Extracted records
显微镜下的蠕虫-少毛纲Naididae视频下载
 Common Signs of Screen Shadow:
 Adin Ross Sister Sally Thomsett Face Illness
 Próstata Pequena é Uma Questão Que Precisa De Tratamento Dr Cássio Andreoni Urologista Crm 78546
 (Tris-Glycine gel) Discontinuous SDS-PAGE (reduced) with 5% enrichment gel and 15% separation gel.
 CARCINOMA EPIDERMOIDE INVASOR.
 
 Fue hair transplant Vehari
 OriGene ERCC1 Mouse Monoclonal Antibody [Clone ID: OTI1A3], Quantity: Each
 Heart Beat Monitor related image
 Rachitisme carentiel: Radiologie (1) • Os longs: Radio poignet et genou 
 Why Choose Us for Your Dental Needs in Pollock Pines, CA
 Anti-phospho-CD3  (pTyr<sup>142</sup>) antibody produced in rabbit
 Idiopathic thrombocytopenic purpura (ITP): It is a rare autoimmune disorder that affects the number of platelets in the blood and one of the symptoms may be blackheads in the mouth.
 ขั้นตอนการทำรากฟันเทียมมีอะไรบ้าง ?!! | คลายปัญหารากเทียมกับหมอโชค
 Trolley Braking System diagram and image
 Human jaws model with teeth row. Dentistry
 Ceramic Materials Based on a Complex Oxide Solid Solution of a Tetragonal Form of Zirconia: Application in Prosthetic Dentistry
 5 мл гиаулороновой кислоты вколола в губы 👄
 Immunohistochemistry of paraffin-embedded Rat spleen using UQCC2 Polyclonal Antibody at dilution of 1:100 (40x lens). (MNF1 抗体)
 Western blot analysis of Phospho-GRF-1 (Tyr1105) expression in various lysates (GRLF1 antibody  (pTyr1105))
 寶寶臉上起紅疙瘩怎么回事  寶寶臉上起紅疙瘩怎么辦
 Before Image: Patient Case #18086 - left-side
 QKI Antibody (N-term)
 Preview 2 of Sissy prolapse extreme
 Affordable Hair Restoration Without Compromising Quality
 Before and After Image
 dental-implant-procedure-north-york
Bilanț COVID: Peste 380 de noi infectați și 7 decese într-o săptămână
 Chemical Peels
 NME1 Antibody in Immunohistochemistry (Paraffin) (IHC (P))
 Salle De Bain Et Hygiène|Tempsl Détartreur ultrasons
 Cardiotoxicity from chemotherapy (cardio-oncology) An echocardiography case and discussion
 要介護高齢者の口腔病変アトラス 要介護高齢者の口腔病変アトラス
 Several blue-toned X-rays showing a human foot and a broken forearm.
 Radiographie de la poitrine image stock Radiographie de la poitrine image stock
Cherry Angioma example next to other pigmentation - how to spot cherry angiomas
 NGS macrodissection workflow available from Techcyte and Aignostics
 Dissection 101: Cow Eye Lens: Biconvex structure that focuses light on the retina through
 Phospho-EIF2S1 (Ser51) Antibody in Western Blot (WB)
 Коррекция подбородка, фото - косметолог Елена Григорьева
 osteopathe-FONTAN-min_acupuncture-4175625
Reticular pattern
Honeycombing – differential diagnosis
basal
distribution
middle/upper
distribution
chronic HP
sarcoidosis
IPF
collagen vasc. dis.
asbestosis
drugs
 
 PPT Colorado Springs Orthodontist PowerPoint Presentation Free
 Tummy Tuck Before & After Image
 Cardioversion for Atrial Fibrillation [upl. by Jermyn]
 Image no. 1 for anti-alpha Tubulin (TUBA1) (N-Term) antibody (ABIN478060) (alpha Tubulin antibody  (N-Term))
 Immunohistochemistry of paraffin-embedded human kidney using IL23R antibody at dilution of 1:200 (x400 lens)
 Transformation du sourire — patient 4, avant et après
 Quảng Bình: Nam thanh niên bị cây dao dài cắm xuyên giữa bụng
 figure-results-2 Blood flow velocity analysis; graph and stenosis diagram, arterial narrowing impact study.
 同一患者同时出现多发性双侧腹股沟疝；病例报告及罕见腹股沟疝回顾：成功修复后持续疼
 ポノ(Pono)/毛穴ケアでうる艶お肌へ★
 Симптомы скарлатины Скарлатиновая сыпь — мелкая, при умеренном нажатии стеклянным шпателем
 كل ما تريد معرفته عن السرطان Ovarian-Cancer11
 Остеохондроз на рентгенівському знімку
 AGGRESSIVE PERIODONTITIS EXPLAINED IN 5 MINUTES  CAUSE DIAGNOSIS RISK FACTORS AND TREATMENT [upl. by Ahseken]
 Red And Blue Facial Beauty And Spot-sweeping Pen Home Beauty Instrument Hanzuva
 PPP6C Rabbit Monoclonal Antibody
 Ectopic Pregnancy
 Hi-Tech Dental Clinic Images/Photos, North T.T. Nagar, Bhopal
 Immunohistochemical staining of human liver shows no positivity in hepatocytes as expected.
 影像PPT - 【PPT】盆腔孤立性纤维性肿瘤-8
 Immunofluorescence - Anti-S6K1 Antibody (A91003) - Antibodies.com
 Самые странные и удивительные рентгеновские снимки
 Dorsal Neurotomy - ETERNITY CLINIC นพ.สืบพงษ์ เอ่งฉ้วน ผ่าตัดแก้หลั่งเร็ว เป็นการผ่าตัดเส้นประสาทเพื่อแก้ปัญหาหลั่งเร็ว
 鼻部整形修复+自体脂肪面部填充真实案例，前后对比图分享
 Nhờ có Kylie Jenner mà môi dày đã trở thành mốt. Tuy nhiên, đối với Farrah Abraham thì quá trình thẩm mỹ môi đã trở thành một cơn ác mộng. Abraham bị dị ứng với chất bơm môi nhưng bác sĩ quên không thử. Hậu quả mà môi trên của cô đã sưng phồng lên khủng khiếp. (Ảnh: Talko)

ABOUT THIS TASK: Sift through the entries and copy every line with "Monoclonal".

TASK OUTPUT:
 OriGene ERCC1 Mouse Monoclonal Antibody [Clone ID: OTI1A3], Quantity: Each
 PPP6C Rabbit Monoclonal Antibody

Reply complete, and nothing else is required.